The ECB’s president himself recognises that monetary policy alone cannot solve the eurozone’s array of economic issues. Meanwhile, he keeps proclaiming the monetarist creed according to which the central bank can (and must) lift inflation by means of an ever larger monetary stimulus, until it reaches the 2 percent target. Most Ordoliberals deem this interpretation highly illegitimate and the central bank’s independence to be a rhetorical trick in this particular case. While the ECB’s policy does little to spur national economies, these critics stress the risk of financial and property bubbles, in Germany and elsewhere. Jens Weidmann, the Bundesbank’s president, has felt the need to back Draghi’s independence in the face of these mounting attacks. He displayed a more moderate stance than in the past, which might facilitate his European career and increase his odds for the ECB’s presidency in 2019. Although most ECB watchers understandably view him as an arch-hawk, he nevertheless began as early as 2014 to signal a shift to a somewhat more amenable approach to non-conventional monetary interventions.

Mario Draghi’s exasperation is all the more understandable since he made every effort to allay German fears in the first few years of his tenure. By publicly rebuffing German complaints, he however further undermines the much-needed political debate about the euro’s management in general. In peace time, few institutions, when faced with fierce criticism, can afford to cite their legal right to do whatever they deem appropriate and to point at their critics’ inconsistencies in place of a more convincing argument. As the eurozone’s architects have precisely shaped the ECB according to the Bundesbank’s core principles, of which independence is a mainstay, the current situation seems quite paradoxical. Irony nevertheless remains a poor substitute for debate and presently impedes the search for a more comprehensive solution to Europe’s lasting woes, both economic and political.

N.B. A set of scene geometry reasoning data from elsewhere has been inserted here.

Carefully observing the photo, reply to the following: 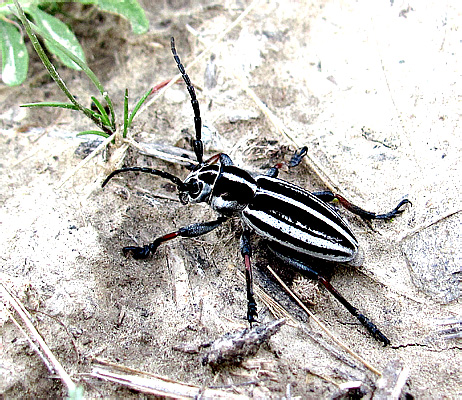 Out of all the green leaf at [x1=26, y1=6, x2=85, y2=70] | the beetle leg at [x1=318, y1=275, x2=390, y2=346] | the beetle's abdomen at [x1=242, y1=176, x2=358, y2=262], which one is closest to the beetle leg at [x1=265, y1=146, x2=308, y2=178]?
the beetle's abdomen at [x1=242, y1=176, x2=358, y2=262]

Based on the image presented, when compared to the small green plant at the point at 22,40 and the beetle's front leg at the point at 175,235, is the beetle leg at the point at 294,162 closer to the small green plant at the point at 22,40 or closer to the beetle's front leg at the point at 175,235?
the beetle's front leg at the point at 175,235

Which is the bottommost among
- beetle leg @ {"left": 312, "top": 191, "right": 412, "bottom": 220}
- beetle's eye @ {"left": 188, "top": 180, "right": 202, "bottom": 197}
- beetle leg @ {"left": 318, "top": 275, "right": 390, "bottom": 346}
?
beetle leg @ {"left": 318, "top": 275, "right": 390, "bottom": 346}

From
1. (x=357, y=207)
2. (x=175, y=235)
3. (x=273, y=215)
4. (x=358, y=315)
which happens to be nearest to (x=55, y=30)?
(x=175, y=235)

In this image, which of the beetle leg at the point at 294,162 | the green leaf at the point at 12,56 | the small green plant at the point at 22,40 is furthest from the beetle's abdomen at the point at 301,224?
the green leaf at the point at 12,56

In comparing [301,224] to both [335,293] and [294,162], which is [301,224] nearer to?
[335,293]

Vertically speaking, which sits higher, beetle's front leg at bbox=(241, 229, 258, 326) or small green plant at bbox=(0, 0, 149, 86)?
small green plant at bbox=(0, 0, 149, 86)

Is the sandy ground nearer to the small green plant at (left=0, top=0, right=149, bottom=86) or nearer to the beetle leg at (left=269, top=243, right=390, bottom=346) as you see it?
the beetle leg at (left=269, top=243, right=390, bottom=346)

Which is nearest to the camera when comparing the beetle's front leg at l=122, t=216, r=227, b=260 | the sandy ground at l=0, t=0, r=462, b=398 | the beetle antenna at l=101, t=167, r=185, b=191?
the sandy ground at l=0, t=0, r=462, b=398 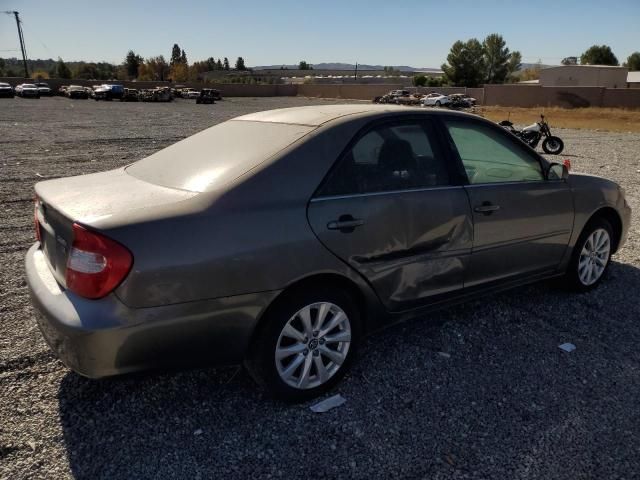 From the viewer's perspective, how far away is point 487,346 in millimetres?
3750

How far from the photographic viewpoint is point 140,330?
2490 millimetres

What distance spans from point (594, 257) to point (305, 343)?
9.97ft

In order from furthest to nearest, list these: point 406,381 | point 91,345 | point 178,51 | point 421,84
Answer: point 178,51 < point 421,84 < point 406,381 < point 91,345

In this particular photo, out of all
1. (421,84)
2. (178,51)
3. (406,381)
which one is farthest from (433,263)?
(178,51)

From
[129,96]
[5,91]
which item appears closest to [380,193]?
[5,91]

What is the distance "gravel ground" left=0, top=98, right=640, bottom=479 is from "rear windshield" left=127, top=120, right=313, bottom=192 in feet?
3.51

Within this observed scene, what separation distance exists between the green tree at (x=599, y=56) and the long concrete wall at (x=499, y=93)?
47771 mm

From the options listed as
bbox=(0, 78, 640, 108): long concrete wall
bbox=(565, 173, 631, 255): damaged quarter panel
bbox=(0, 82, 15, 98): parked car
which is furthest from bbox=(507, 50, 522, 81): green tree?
bbox=(565, 173, 631, 255): damaged quarter panel

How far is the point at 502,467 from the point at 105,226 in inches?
86.8

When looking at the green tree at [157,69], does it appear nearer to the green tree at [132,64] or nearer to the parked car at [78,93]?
the green tree at [132,64]

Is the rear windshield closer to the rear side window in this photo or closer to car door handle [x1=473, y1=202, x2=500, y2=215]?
the rear side window

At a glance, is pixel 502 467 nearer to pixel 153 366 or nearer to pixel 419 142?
pixel 153 366

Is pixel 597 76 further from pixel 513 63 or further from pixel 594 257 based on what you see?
pixel 594 257

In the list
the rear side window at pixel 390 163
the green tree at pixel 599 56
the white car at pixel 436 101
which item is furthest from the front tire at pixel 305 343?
the green tree at pixel 599 56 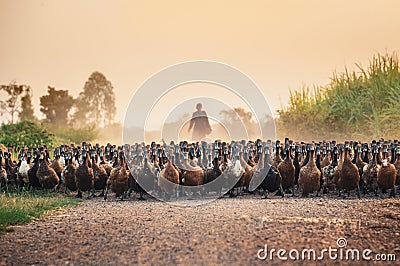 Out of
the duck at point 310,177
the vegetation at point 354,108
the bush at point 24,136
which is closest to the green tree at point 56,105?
the bush at point 24,136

Wolfgang Schäuble is spearheading the ongoing campaign against the ECB’s asset purchases and negative interest rates in an acrimonious fashion. While he strives to limit the AfD’s political gains and to support his country’s financial system, he has done little in recent years to gain approval for his inflexible approach outside the borders of Germany. His harsh negotiating techniques and his disregard for ailing economies have undermined Europe’s political debate since the euro crisis erupted. Schäuble’s own shortcomings do not prove his adversaries necessarily right on all counts however; nor do they deprive him from the right to voice his concern if he judges the central bank’s non-conventional policy to be particularly harmful. Central banks should undoubtedly enjoy a great deal of independence in order to work out a reasonable monetary policy, away from the tremors inherent to the political arena. Yet independence does not mean self-righteousness.

Political debate should be allowed to tackle the most sensitive economic and monetary issues. The debate on the euro’s management, like any debate, requires at least two consistent sides to succeed, however. While German officials miss no opportunity to defend their country’s economic interests, a more worrying political pattern has emerged in the eurozone’s other large economies. In France in particular, as bureaucratic circles took on unprecedented political importance over the past decades, most leaders have regarded the single currency as a means to shirk their economic responsibilities. While the euro crisis threatened this ill-advised approach, Mario Draghi’s activism has unexpectedly provided them with a fresh opportunity to back away from the search of a realistic solution to the eurozone’s ills and to indulge instead in elusive ideals such as the so-called ‘transfer union.’ This status quo has just proved unsustainable.